Noting that if my GT 240 has 16 SMs with 8 cores, I’m expecting 128 to be a magic number, not 96.

Sorry, I will get this in a minute, but I’m feeling the confusion of moving from the CPU to GPU world.


Sorry my mistake it will be 12 SM each with 8 cores.

At 96 blocks with 12 SM there will be 8 blocks assigned to each SM, as 8 is the maximum that your hardware can support per SM no more blocks can be assigned until some blocks finish.
“…then needs an extra run to complete number 97”

NB The number of blocks that can be assigned simultaneously to a SM depends on the resources each block needs, e.g. registers and shared arrays. Worth remembering that with complex algorithms it can sometimes be useful to run fewer blocks per SM so that each block can have more registers.

There is something not happening in your results the way I would have expected it to, your algorithm is very simple (no IO ) and I would have expected 1 block to have run faster than 96. I expect it will be different on newer hardware. Hardly matters as usually there will be lots more blocks to run.

A late note of thanks. I’ve been away from the forum.

Guided by your feedback, I’ve done a fair bit of reading and testing and things are now becoming clearer. I’m fascinated by quite how different GPU architecture is to CPU, and I’m also surprised at how significant a re-write of CPU algorithms you sometimes have to do to get the best out of the hardware.

Today’s shocker came from my first attempt at using shared memory (just as a local cache), and discovering just how little ram is available (on my GT 240) per thread.



Some more detailed experiments/kernels confirm your statement “…8 is the maximum [number of blocks] that your hardware can support per SM no more blocks can be assigned until some blocks finish.”

Is it actually conincidence that each SM has 8 cores? (From this forum) I now appreciate that those 8 cores work in unison to execute a single warp at a time (with a scheduler switching context between warps to hide memory latency).

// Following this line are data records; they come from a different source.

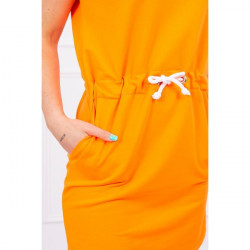 Šaty s vreckami a kapucňou MI8982 neónovo oranžové Univerzálna Oranžová/neón #3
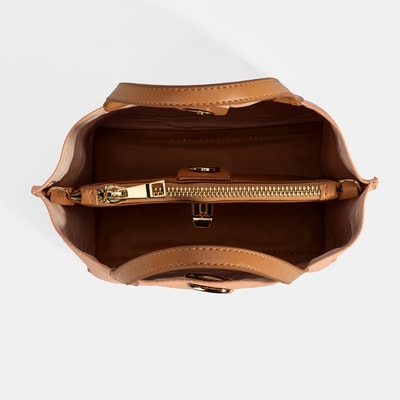 Kadın Turuncu Omuz Askılı Mini El Çantası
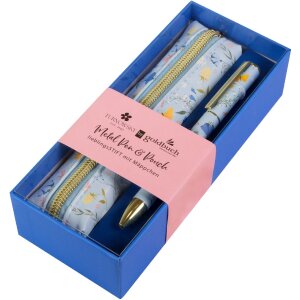 Set Goldbuch Secret Garden Bleu — Stylo & Porte-Mine Floral
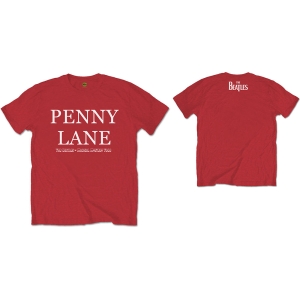 The Beatles - Penny Lane Uni Red ryhmässä MERCH / T-paita / Rockoff_Nya April24 @ Bengans Skivbutik AB (5528313r)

My tests show that my GT 240 SMs are happy to time slice up to 32 warps, provided they are only from up to 8 distinct blocks. Presumably this is where my deviceQuery “Maximum number of threads per multiprocessor 1024” comes in, as 32 warps of 32 threads.

Where is the max blocks per SM defined for each hardware?

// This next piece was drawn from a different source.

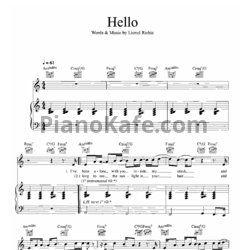 Ноты Lionel Richie - Hello - предпросмотр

Edit: has a good table of compute capability stating this, so I think I’ve got my answer. Although I’d like to know where this is on the Nvidia site, rather than Wiki.


The 8 blocks per SM is a coincidence, as it holds for devices all the way up to compute capability 2.1, which have very different numbers of CUDA cores per SM.

As I mentioned in your other thread (but also putting here for completeness in case someone else finds this thread while searching), CUDA Programming Guide Appendix F is the reference for these numbers.